Environment and energy ministers from the G-20 economic bloc adopted a voluntary global framework for combating plastic pollution at a meeting in Japan June 16, ahead of the formal G-20 summit of leaders in late June.
This year's G-20 gatherings are hosted by the Japanese government, which had identified plastic in the ocean as a target for action. Tokyo said in agenda documents ahead of the meeting that it wanted to discuss ways to stop leakage into the ocean and look at how innovation can help that.
According to news reports, the G-20 ministers issued a statement that "marine litter, especially marine plastic litter and microplastics, is a matter requiring urgent action given its adverse impacts on marine ecosystems, livelihoods and industries including fisheries, tourism and shipping, and potentially on human health."

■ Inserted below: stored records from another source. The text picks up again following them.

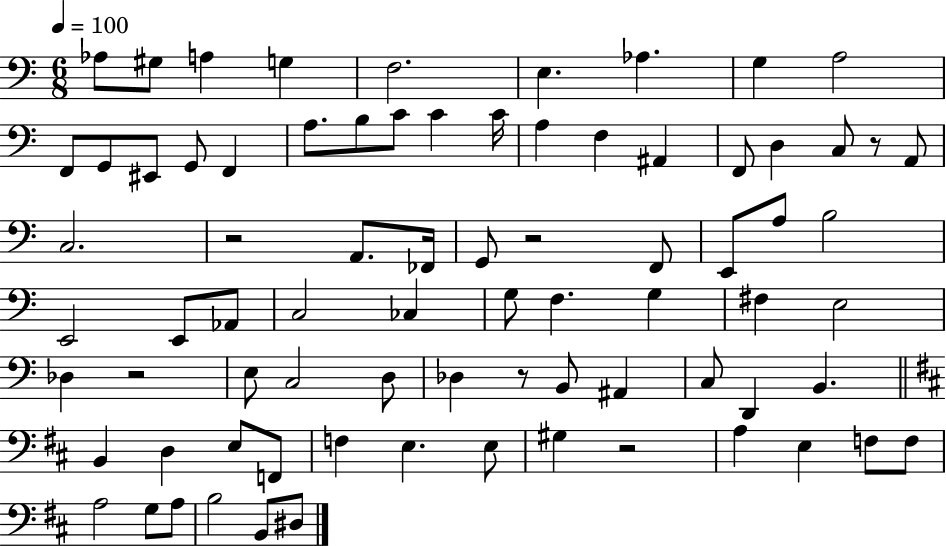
{
  \clef bass
  \numericTimeSignature
  \time 6/8
  \key c \major
  \tempo 4 = 100
  aes8 gis8 a4 g4 | f2. | e4. aes4. | g4 a2 | \break f,8 g,8 eis,8 g,8 f,4 | a8. b8 c'8 c'4 c'16 | a4 f4 ais,4 | f,8 d4 c8 r8 a,8 | \break c2. | r2 a,8. fes,16 | g,8 r2 f,8 | e,8 a8 b2 | \break e,2 e,8 aes,8 | c2 ces4 | g8 f4. g4 | fis4 e2 | \break des4 r2 | e8 c2 d8 | des4 r8 b,8 ais,4 | c8 d,4 b,4. | \break \bar "||" \break \key d \major b,4 d4 e8 f,8 | f4 e4. e8 | gis4 r2 | a4 e4 f8 f8 | \break a2 g8 a8 | b2 b,8 dis8 | \bar "|."
}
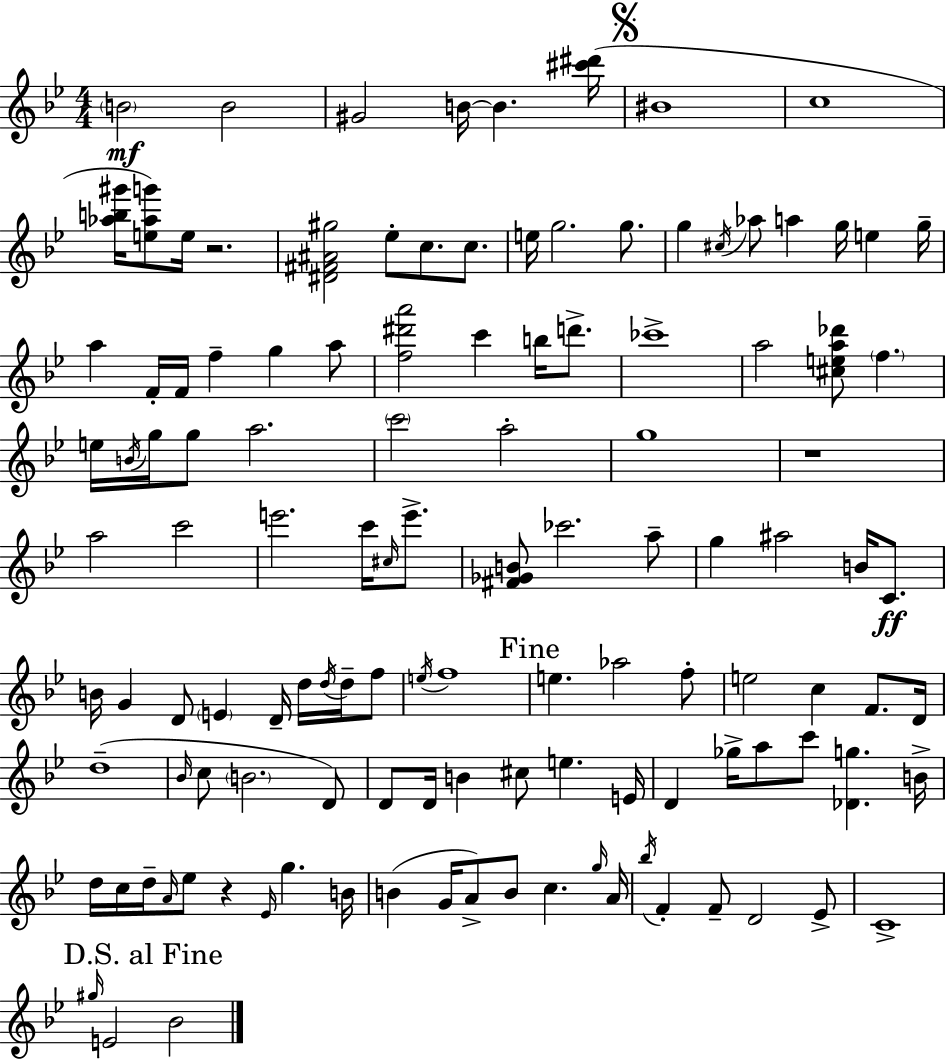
{
  \clef treble
  \numericTimeSignature
  \time 4/4
  \key g \minor
  \parenthesize b'2\mf b'2 | gis'2 b'16~~ b'4. <cis''' dis'''>16( | \mark \markup { \musicglyph "scripts.segno" } bis'1 | c''1 | \break <aes'' b'' gis'''>16 <e'' aes'' g'''>8) e''16 r2. | <dis' fis' ais' gis''>2 ees''8-. c''8. c''8. | e''16 g''2. g''8. | g''4 \acciaccatura { cis''16 } aes''8 a''4 g''16 e''4 | \break g''16-- a''4 f'16-. f'16 f''4-- g''4 a''8 | <f'' dis''' a'''>2 c'''4 b''16 d'''8.-> | ces'''1-> | a''2 <cis'' e'' a'' des'''>8 \parenthesize f''4. | \break e''16 \acciaccatura { b'16 } g''16 g''8 a''2. | \parenthesize c'''2 a''2-. | g''1 | r1 | \break a''2 c'''2 | e'''2. c'''16 \grace { cis''16 } | e'''8.-> <fis' ges' b'>8 ces'''2. | a''8-- g''4 ais''2 b'16 | \break c'8.\ff b'16 g'4 d'8 \parenthesize e'4 d'16-- d''16 | \acciaccatura { d''16 } d''16-- f''8 \acciaccatura { e''16 } f''1 | \mark "Fine" e''4. aes''2 | f''8-. e''2 c''4 | \break f'8. d'16 d''1--( | \grace { bes'16 } c''8 \parenthesize b'2. | d'8) d'8 d'16 b'4 cis''8 e''4. | e'16 d'4 ges''16-> a''8 c'''8 <des' g''>4. | \break b'16-> d''16 c''16 d''16-- \grace { a'16 } ees''8 r4 | \grace { ees'16 } g''4. b'16 b'4( g'16 a'8->) b'8 | c''4. \grace { g''16 } a'16 \acciaccatura { bes''16 } f'4-. f'8-- | d'2 ees'8-> c'1-> | \break \mark "D.S. al Fine" \grace { gis''16 } e'2 | bes'2 \bar "|."
}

Japanese Environment Minister Yoshiaki Harada reportedly called the G-20 framework a "major achievement," but the environmental group World Wide Fund for Nature criticized the agreement for failing to neither set concrete targets nor set up binding measures to enforce commitments countries will make.
"Despite discussions at G-20 demonstrating that plastic pollution is rightly being brought to the top of the international agenda, the outcome fails to reflect the severity of the issue," WWF said. "It's increasingly clear that solving this growing crisis requires a strong legal international treaty similar to the likes of the Montreal Protocol to combat depletion of the ozone layer."
U.S. Environmental Protection Agency Administrator Andrew Wheeler, who attended the meeting, said in a statement that the group had "very productive" talks on marine litter, waste management, water infrastructure and access to clean drinking water.
He reportedly told the summit that the U.S. government did not see a need for bans on single-use plastics.
In late May, Japanese Prime Minister Shinzo Abe, however, announced a strategy to cut disposable plastic waste by 25 percent by 2030, including having retailers charge for plastic bags. Abe's plan would also expand the use of bioplastics and completely recycle plastics from discarded appliances and car parts by 2035.
Similarly, Canadian Prime Minister Justin Trudeau on June 10 unveiled a plan to ban "harmful" single-use plastics.